I never thought I would feel such betrayal of family on the day I buried my husband. I felt as if I was kicked in the stomach. It was such a shock. People you thought had the best intentions and would be supportive, just walked away. At the very worst time of your life, which makes the pain worse. I thought I would never recover from this. But you know what? I HAVE MOVED ON FROM THIS HURT. I have become wiser and stronger in how I deal with situations and people. You will too. It doesn't feel like this now. The secret to CHANGE is FOCUS. In time your focus will change. Perhaps new people will enter your life and help make it better for you each day to walk this path of grief with you. For every person who gives you a problem. God will surely put someone in your life to make up for it.
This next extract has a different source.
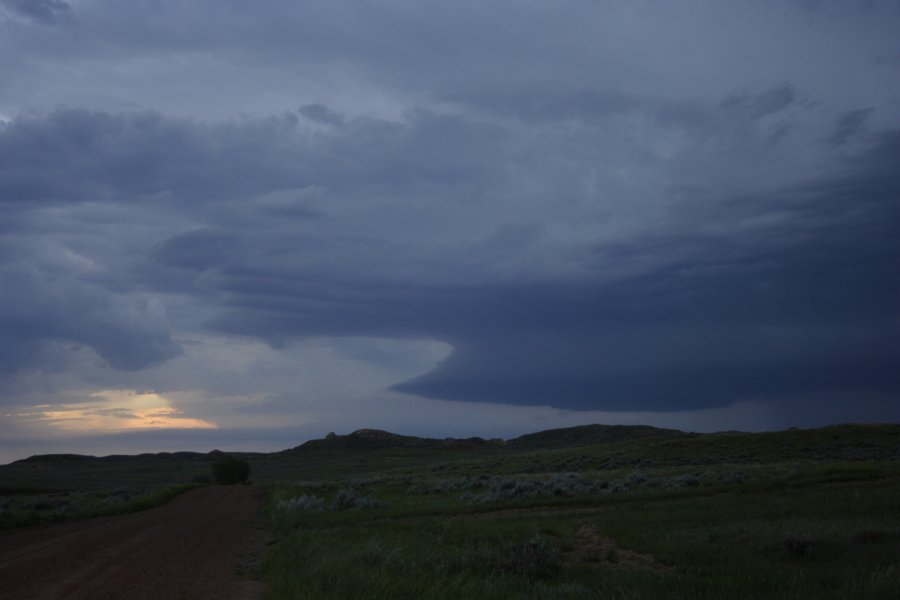 cumulonimbus supercell_thunderstorm : SW of Miles City, Montana, USA   8 June 2006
As angry as I was with God for my loss of losing my husband I equally know God and how He works and I saw all the nice and positive things God put my way like gold nuggets in my life. DON'T EVER GIVE UP! I feel as if my husband died more than 1yr. ago so I get what you mean when you say it feels like 50yrs. I hope you can join a support group or compassionate friends online who focus on the loss of a child. It is there you will get the greatest support from people who have lost a child and speak openly. This is how you will grieve and also HEAL FROM YOUR LOSS. I feel your pain and sorrow but encourage you to NEVER GIVE UP!. Sorrow like this has to ease one day otherwise our grief would kill us. May you be comforted in your grief and sorrow till you can find your way back to some normality in what is the worst loss ever.

May 28, 2013
I totally understand
by: Carol, Sean's Mom

Molly, I lost my son a little over 18 months ago. Suddenly. Unexpected. He was the oldest of three children but my only son. He was hansome, sensitive, loving yet like most 24 year olds not perfect and trying to find his way in this big world. He went to sleep one sunday afternoon because he worked the overnight shift and I never talked to him again. They called his death the Perfect Storm. This Perfect Storm destroyed my world. I try for his two wonderful sisters but our family is so broken without him. He had the most beautiful blue eyes that just sparkled. He had such a serious smile. His name is Sean. He was and will always be my sunshine and hansome young man. I understand everything you wrote, and I agree, Life Sucks!!

May 28, 2013
my son Brendon
by: Anonymous

I know just what you are saying, we lost our son to a motor bike accident 18 months age, everyone say that it get easier but I don't think they have ever lost a child, you have this really dark cloud hanging over you no matter what you do. We have 4 other children but still have a huge whole in our life now because a man failed to give way and killed our son, he was only 26 and the joy of my life. I miss him so much and still have not gotten through one day without tears for him.
You are not alone there are lots of us parents without our children now. I really feel for you.

May 27, 2013
Dear Molly
by: Anonymous

This is the third big loss I have had in my life but it is the worst so far. I experience the same feelings that you describe. it is not even two weeks since I found out. I am really confused and bewildered. The instructions to post a comment here said to write a long message otherwise it would not be published. i would just write over and over that i feel your pain and i would like to thank you for writing about it because it helps people like myself to share also.
I did not lose my son, and there could be nothing on earth as painful. i lost my mother first when i was young and it was very traumatic. then my mother-in-law died but that was very peaceful and serene. the day she died, i got on the plane to go back to vancouver and the plane was filled with reflections of light and as soon as the plane was in the air, i felt like i was in heaven with her (she was very religious). now i just lost a man that i knew three years and loved very much. it was a very difficult relationship and there was a lot of unfinished business, and i feel anger sometimes, and so much pain it is hard to endure. i could talk about this a long time, i guess, but i just want to end here and tell you again thank you for writing. i found a book called 'the grief handbook' and it is helpful, i think, so write back and let me know if you find it and if you think it is good.